Exporter

A base class to help export documents to elasticsearch.

reference

class elastipy.Exporter(client=None, index_prefix: Optional[str] = None, index_postfix: Optional[str] = None, update_index: bool = True)[source]

Bases: object

Base class helper to export stuff to elasticsearch.

Derive from class and define class attributes:

INDEX_NAME: str Name of index, might contain a wildcard *

MAPPINGS: dict The mapping definition for the index.

And optionally override methods:

transform_document() Convert a document to elasticsearch.

get_document_id() Return a unique id for the elasticsearch document.

get_document_index() Return an alternative index name for the document.

property client: Access to the elasticsearch client. If none was defined in constructor then elastipy.connections.get("default") is returned.

delete_index() → bool[source]

Try to delete the index.
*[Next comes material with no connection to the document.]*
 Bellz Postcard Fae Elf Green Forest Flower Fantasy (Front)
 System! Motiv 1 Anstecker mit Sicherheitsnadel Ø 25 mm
Ignore if not found.

Returns

bool True if deleted, False otherwise.

If the index name contains a wildcard *, True is always returned.

export_list(object_list: Iterable[Any], chunk_size: int = 500, refresh: bool = False, verbose: bool = False, verbose_total: Optional[int] = None, file=None, **kwargs)[source]

Export a list of objects.

Parameters

object_list – sequence of dict This can be a list or generator of dictionaries, containing the objects that should be exported.
chunk_size – int Number of objects per bulk request.
refresh – bool if True require the immediate refresh of the index when finished exporting.
verbose – bool If True print some progress to stderr (using tqdm if present)
verbose_total – int Provide the number of objects for the verbosity if object_list is a generator.
file – Optional string stream to output verbose info, default is stderr.

All other parameters are passed to elasticsearch.helpers.bulk

Returns: dict Response of elasticsearch bulk call.

get_document_id(es_data: Mapping)[source]

Override this to return a single elasticsearch object’s id.

Parameters: es_data – dict Single object as returned by transform_document()
Returns: str, int etc..

get_document_index(es_data: Mapping) → str[source]

Override to define an index per document.

The default function returns the result from index_name() but it’s possible to put objects into separate indices.

For example you might define INDEX_NAME = "documents-*"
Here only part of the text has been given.